Madam President, I rise today to mark International Human Rights Day, a day which celebrates the adoption of the Universal Declaration on Human Rights by the UN General Assembly on December 10, 1948.
In the immediate after math of World War II, and reacting with revulsion to the horrors of that global war and the Holocaust, the community of nations organized itself with the goal of protecting international peace and security. Although the United Nations’ founding Charter recognized the protection of human rights as one of the UN’s most basic purposes, it was quickly recognized that it would be necessary to further elaborate these fundamental freedoms in order to ensure their protection. The resulting document–the Universal Declaration of Human Rights–has since served as the foundation upon which all other human rights work at the international level has stood. It remains to this day an enduring guide for human rights advocates around the globe.
This has been an exciting and dramatic year that will be remembered for the triumphs of the Arab Spring. The fall of so many dictators who have been responsible for the deaths, torture, and other atrocities meted out against so many has opened up the exhilarating prospect of real reform and meaningful human rights improvements. But the final chapter of the Arab Spring has not yet been written, and nothing can be taken for granted.
Progress in this field is not necessarily linear. As Ronald Reagan said in his inaugural address, “Freedom is a fragile thing and is never more than one generation away from extinction.”
I believe it is especially critical, at this historic moment, for the United States to remain vigilant in the protection and promotion of human rights–abroad and at home.
Overseas, the United States must continue to use our voice to speak on behalf of those silenced by brutal regimes. We must continue to lift up those who cannot stand on their own. And while we must inevitably pursue a multifaceted foreign-policy that advances American goals in a broad range of areas including hard security and the economy, we must never treat human rights as something expendable.
I take particular note of the countries that stand shoulder to shoulder with us in that effort. I welcome Polish Foreign Minister Radek Sikorski’s call for a “European endowment for democracy,” similar to the National Endowment for Democracy which the United States has supported since 1983. I commend Poland for the leadership it has shown on human rights issues during its presidency of the European Union.
In all of these efforts, the role of civil society remains critical. On the 50th anniversary of the adoption of the Universal Declaration of Human Rights, the United Nations adopted a declaration on the rights of human rights defenders. They are the first line of defense and they often pay the highest price.
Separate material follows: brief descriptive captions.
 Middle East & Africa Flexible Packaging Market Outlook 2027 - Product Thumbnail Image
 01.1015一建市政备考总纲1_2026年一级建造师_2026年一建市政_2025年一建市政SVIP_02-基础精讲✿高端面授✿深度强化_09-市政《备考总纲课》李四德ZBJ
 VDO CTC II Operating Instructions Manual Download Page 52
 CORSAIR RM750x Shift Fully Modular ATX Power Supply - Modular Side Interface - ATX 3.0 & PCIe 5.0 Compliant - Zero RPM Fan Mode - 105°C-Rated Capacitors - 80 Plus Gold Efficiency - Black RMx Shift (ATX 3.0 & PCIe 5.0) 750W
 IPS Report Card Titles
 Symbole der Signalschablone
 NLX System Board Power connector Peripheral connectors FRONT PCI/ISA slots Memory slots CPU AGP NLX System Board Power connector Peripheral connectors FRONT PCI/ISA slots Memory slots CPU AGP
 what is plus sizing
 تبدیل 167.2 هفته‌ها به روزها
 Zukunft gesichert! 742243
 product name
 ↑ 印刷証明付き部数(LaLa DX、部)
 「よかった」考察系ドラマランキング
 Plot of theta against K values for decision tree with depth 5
There are, unfortunately, too many cases of human rights defenders who are imprisoned, persecuted or worse, for me to raise them all here. But I would like to mention one in particular that maybe emblematic of many others: the case of Evgenii Zhovtis, Kazakhstan’s most well-known human rights activist.
Zhovtis is the Director of the Kazakhstan International Bureau for Human Rights and Rule of Law and even a member of the OSCE Office for Democratic Institutions and Human Rights’ panel of experts on freedom of assembly. But he was involved in a tragic car accident in which a pedestrian was killed and, after a trial widely condemned for lacking due process, he was sentenced in 2009 to 4 years in prison.
A year ago, at the OSCE Summit in Astana, civil society activists called for Zhovtis’ release. As one NGO participant remarked:
Evgenii is the human rights Everyman. If this can happen to him, it can happen to anyone.
A year later, Evgenii Zhovtis remains in a Siberian penal colony, even as Kazakhstan prepares to host an OSCE election observation mission. In the spirit of the Universal Declaration of Human Rights, I once again urge President Nazarbayev to review his case and to release him.